The University of Nebraska Foundation has named Connie Pejsar as the Hixson-Lied College’s new Director of Development. Pejsar has been with the foundation since 1983 and has held a variety of positions, including fundraising for the College of Architecture and State Museum.
“The most rewarding part of my job is establishing relationships with alumni and friends of the university and helping them make their dream of helping the university a reality,” Pejsar said. “I look forward to meeting the alumni and friends of the Hixson-Lied College and continuing that work.”
Effective May 1, Lucy Buntain Comine transitioned to a part-time status at the University of Nebraska Foundation, stepping down from her position as Senior Development Director for the Hixson-Lied College of Fine and Performing Arts. Buntain Comine continues her service with the Foundation working in major gift development and on special projects.
The Department of Chemistry hosted a colloquium event titled “Inaugural Nebraska Cluster for Computational Chemistry Award” on Sept. 19 in Hamilton Hall. Opening remarks were made by David B. Berkowitz, chair of UNL’s chemistry department, and Prem Paul, vice chancellor of research and economic development at UNL. [See video]
Following the remarks, a medallion presentation honored Eugene Cordes and Joseph Francisco. The event ended with an award lecture titled “Molecular Mesoscopics: Transport in Molecular Junctions.”

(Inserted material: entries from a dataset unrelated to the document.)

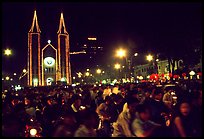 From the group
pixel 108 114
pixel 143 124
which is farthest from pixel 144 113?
pixel 108 114

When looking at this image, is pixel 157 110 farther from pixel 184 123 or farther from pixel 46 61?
pixel 46 61

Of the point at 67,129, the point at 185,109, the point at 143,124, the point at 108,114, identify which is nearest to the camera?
the point at 67,129

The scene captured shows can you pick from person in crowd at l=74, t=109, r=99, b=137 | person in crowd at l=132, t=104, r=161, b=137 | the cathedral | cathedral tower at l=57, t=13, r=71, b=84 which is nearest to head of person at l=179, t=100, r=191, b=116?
person in crowd at l=132, t=104, r=161, b=137

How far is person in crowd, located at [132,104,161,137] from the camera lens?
230 inches

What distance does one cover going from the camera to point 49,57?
9206 cm

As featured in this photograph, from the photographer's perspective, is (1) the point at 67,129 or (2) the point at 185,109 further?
(2) the point at 185,109

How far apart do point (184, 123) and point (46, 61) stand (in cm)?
8683

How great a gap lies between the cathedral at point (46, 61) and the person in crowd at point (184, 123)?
77.3m

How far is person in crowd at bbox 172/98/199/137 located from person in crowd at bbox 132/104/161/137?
1.41 ft

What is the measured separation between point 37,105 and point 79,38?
5332 inches

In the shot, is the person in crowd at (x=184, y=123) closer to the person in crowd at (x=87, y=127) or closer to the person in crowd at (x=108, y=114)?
the person in crowd at (x=87, y=127)

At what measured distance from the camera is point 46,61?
299ft

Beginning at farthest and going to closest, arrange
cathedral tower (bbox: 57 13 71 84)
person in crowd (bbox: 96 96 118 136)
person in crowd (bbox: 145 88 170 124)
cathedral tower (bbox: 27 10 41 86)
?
cathedral tower (bbox: 57 13 71 84)
cathedral tower (bbox: 27 10 41 86)
person in crowd (bbox: 96 96 118 136)
person in crowd (bbox: 145 88 170 124)

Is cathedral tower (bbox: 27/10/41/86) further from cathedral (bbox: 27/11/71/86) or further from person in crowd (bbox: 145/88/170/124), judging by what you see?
person in crowd (bbox: 145/88/170/124) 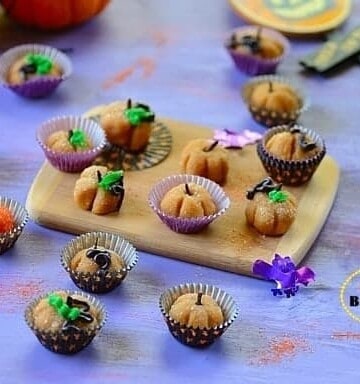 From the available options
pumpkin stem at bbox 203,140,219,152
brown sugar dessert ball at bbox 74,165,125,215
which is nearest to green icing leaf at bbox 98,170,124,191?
brown sugar dessert ball at bbox 74,165,125,215

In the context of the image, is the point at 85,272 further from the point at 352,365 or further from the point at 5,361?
the point at 352,365

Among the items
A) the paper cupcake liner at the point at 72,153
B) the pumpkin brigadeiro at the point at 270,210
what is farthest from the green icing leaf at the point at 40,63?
the pumpkin brigadeiro at the point at 270,210

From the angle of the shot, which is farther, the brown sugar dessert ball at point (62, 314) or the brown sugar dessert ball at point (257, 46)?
the brown sugar dessert ball at point (257, 46)

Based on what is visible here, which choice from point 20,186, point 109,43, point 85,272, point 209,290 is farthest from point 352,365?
point 109,43

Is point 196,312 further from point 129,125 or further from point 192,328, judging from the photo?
point 129,125

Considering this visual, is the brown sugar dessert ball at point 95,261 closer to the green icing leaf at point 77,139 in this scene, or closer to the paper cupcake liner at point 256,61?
the green icing leaf at point 77,139

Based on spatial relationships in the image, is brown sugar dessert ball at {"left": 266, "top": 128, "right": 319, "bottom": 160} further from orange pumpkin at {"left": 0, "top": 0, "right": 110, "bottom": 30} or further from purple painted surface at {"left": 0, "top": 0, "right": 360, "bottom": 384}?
orange pumpkin at {"left": 0, "top": 0, "right": 110, "bottom": 30}

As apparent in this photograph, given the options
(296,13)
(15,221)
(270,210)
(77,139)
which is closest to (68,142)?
(77,139)
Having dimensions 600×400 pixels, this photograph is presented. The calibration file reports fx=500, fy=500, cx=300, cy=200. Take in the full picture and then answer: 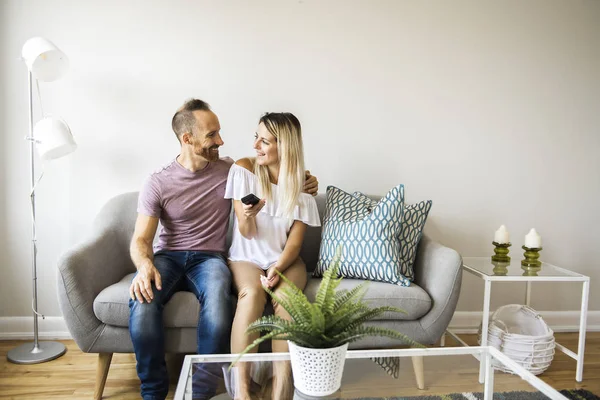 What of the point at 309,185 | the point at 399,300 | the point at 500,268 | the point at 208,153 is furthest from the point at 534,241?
the point at 208,153

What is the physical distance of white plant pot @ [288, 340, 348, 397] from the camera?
1193 millimetres

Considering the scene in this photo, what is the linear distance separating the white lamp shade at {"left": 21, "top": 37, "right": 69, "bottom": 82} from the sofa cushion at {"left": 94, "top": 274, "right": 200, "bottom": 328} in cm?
103

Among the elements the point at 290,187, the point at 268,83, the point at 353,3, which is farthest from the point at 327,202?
the point at 353,3

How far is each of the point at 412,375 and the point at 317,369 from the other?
0.29m

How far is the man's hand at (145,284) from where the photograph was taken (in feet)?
5.92

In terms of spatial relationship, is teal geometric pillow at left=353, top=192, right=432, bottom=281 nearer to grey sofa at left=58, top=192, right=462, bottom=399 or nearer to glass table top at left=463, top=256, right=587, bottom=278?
grey sofa at left=58, top=192, right=462, bottom=399

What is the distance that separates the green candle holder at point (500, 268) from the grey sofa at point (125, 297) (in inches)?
13.5

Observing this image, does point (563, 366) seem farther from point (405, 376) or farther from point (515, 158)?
point (405, 376)

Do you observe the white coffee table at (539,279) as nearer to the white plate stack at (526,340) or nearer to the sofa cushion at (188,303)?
the white plate stack at (526,340)

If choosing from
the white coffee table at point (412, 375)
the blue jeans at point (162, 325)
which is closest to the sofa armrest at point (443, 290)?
the white coffee table at point (412, 375)

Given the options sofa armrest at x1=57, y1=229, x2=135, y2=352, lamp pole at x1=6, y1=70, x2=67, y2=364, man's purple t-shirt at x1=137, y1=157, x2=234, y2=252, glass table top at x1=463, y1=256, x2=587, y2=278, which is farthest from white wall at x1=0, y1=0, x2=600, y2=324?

Curtis Walker is one of seven UNL graduate students who began the new academic year as a National Science Foundation Graduate Research Fellow. The prestigious fellowship program provides three years of financial support for graduate study leading to a research-based master’s or doctoral degree. Students receive a yearly stipend as well as international research and professional development support.
A second-year fellow, Walker said that in addition to the financial benefits, the fellowship is allowing him to advance his research beyond what he could accomplish otherwise. While many graduate students must balance research and teaching, Walker concentrates solely on research. He also has access to the NSF-funded National Center for Atmospheric Research’s supercomputing resources, which has enabled him to expand his data-intensive research project.
Working with his adviser, Mark Anderson, associate professor of earth and atmospheric sciences, Walker is investigating ways to use cloud cover data to better forecast road conditions. Today’s road temperature models view clouds as either present or absent. “The problem is clouds don’t work like that,” Walker said. “We’re interested in those transition periods of increasing or decreasing cloud cover as well as types of clouds.”